I want to be there for those I love, to listen, support, or whatever else is needed.  I want to be present in more places.  Everyone has their own set of challenges that they face and kindness makes a world of difference.  I acknowledge that I can't be everywhere--and I'm not even wanted everywhere--but that desire to be present is still pressing.

Also, I have a very real fear of missing out.  In coping with my illness, there are things I have had to turn down and pieces that I missed out on and many, many times the conversation keeps happening just on the other side of the bathroom door, without me.  I want to make up for all the lost time, the relationships I've lost when I couldn't be present anymore, and other related pieces that I cannot put a name on.  Declining an invitation twinges that grief and anger in ways that are an uncomfortable kind of familiar.  And I want to compensate for time and experiences lost. 

These feelings rise up every so often.  When I'm feeling down, I want to ask myself why I'm not doing more for those I care about, falling into a shame cycle.  My self esteem is not normally tied to the perceived use I am to others, but part of this wave seems to drive it to the forefront.  I forget that my needs are also part of the needs of the group, sometimes leading to a particular kind of neglect even in the name of meeting the emotional need of "not missing out."  Ironically, when I do something for a friend, I can find myself more frustrated that I don't do X or Y more often or for these other friends, too; it's almost like refractory period of a heartbeat, a low space where the heart cannot electrically stimulate and all the ion channels are open, until pieces can reset once more to fire, stimulate, and contract again. 

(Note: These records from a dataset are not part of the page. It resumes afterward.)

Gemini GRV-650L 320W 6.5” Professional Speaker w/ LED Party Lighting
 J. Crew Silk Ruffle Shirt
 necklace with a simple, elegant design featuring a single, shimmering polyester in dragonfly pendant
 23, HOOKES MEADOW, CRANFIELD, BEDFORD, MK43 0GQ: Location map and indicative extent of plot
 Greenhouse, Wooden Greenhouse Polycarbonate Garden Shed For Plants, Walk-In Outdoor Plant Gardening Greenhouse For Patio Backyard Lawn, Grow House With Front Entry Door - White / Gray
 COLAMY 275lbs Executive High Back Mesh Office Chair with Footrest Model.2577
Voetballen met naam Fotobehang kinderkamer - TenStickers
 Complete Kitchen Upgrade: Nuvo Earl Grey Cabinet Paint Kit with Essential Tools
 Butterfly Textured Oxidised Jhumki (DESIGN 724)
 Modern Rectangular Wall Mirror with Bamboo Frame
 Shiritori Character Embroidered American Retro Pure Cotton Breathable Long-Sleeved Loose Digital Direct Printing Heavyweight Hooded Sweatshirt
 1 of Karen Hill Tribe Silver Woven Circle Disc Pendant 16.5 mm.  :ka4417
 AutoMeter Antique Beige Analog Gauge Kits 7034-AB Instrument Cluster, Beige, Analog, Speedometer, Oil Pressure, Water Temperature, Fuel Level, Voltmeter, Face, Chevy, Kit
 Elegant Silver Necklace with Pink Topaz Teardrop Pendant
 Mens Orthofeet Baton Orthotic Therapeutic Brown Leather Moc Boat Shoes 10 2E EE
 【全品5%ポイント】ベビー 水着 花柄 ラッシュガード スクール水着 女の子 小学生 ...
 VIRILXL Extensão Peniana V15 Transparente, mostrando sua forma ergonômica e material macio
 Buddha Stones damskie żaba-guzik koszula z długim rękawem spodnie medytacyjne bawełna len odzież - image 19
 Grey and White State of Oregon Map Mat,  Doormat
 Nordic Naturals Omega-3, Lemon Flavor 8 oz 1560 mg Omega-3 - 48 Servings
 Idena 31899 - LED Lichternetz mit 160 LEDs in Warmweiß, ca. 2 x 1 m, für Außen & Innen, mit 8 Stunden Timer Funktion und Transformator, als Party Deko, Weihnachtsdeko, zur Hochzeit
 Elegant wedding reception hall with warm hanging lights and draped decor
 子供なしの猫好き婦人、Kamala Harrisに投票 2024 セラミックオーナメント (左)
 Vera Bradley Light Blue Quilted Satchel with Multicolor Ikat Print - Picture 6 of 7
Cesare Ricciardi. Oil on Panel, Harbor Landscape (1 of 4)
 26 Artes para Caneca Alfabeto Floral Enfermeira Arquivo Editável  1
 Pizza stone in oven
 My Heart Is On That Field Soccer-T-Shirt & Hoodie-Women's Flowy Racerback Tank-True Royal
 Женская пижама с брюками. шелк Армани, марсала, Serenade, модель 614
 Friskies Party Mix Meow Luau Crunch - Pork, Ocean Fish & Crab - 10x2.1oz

Logically, I know that the following are true and accept them:
  • I have a finite amount of energy
  • I cannot make all people happy--I will inevitably let people down
  • I cannot be in all places
  • I will still want to deny all of these
I very much struggle to give myself the same compassion that I would readily give anyone else.  And again, it's not logical and it is decidedly cyclical.  I just needed to name the cliff for a moment today.  Rather than fight the wave and choke on the seawater, I'm going to bodysurf for a moment or two once again and let the wave make its way through.  It usual does in a day or two.  I'm still growing in my capacity to be compassionate to myself:  I aim give myself the time and space to feel what I need to feel, think about where I might want to redirect or follow up on, and take the opportunity to listen to myself again for the answers I already know. 

Tuesday, January 21, 2020

After the Show

I enjoy going to plays and concerts, particularly in my community.  We've seen shows at ISU, IWU, all three high schools in town, the Shakespeare Festival, the Community Players, and certainly some others that I'm forgetting at the moment.

However, once we're out of the immersion and the lights have gone back up, there's that awkward limbo space afterwards.  I enjoy talking about it immediately with anyone that might have come with me, discussing all of the different nuances within the show itself, how we were taken in, particular characters that spoke to us, particular actors that stuck out to us, and all else.  This part is fine.  It's the ambling toward the exit and seeing the receiving line that I struggle with.  

The closer that I get to this line, the more anxious I feel.  What am I supposed to say here?  If there is someone that I know, it's easy to spot them out and congratulate them and tangentially those who happen to be next to them.  When I don't have a friend in the show, I want to find the ones that have just pulled me through the right kind of emotional journey or made me think or whatever else may have happened in that short escape from my normal life, but if they're next to someone else, do I have to think of an individually tailored response to that person, too?  In short, walking up to the receiving line, I end up wracking my brain to compile individual compliments for each player I may encounter because something feels hollow about "Good job!" to each person in the line after the other.  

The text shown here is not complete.